A fully distributed team making the web a better place.

A fully distributed team making the web a better place.

The Writing Lesson Hidden in My Automattic Hiring Trial

My design hiring trial valued clear thinking over perfect pixels—and that priority has shaped my career ever since. The onboarding screens and mockups I designed during those weeks are no longer relevant, but the practice of documenting my reasoning clearly continues to guide how I approach design challenges today.

Most jobs at Automattic begin with a trial: a paid project that lets candidates show how they work and think by tackling a real project. The trial helps determine whether someone has the skills, autonomy, and communication abilities to thrive in a distributed environment.

When it was my time to join the trial, I assumed I would be evaluated on design ability, visual judgment, and problem-solving through interface mockups. The brief sounded simple: design an onboarding experience for bloggers on WordPress.com and document the process in writing. What I did not understand at the time was that the writing was not supporting the work. The writing was the work.

Each task required visual proposals and P2 posts that explained references, reasoning, and possible next steps. I had read Automattic’s creed and took the “communication is oxygen” statement seriously. Because I knew the clarity of my explanations would be decisive, with no live conversations to fill in the gaps, I spent as much time structuring paragraphs as I did arranging layouts.

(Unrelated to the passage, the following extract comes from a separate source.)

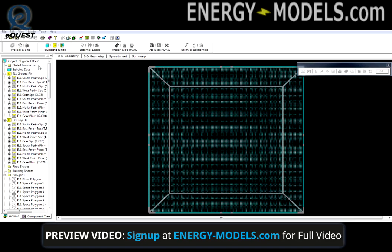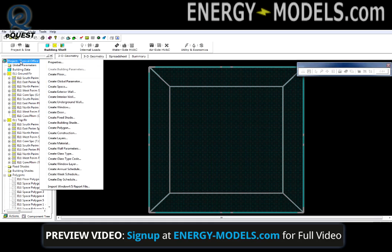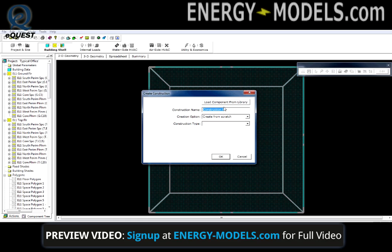To make a quick construction, first we must go to the building shell module and right click on the project name. Here we want to select 'create construction' and give it a name. In this case, we're just going to call it 'quick construction.'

“I will communicate as much as possible, because it’s the oxygen of a distributed company.”

Quote from the Automattic Creed

When writing becomes the real work

All feedback happened asynchronously through P2 post comments—from reviewers in different time zones, which forced me to abandon any hope of talking my way through incomplete ideas. If something felt unclear in my head, it became painfully visible in my writing. That constraint slowed me down in the best possible way, turning the three-week trial into an exercise in reflection rather than speed.

Those P2s still exist today. They function as a permanent snapshot of how I thought at that moment, preserving not only the solutions I proposed but the mental path that led to them. Revisiting them now feels like opening an old notebook filled with annotations and intentions that never made it into the final designs.

My discoveries and the progress tracker designed during my design trial.

Seeing the trial from the other side

Last year, I joined the Design Hiring group and experienced the process from the opposite side. I felt the difficulty of letting a promising candidate go and the genuine happiness of approving another who was hired and became a colleague. That perspective made the trial feel even more thoughtful and human than I had realized as a candidate.

What stayed with me after four years

Looking back, it’s clear that the trial did not teach me how to design better screens, but it did teach me to clearly expose and document my thinking and to collaborate through writing in a distributed environment where clarity replaces proximity. 

The designs I made during that trial are no longer relevant. But the habit of writing carefully still shapes how I work every day.

This post originally appeared on https://iamarino.com/

The best possible ending to a trial: a hire, genuine happiness, and a box full of swag.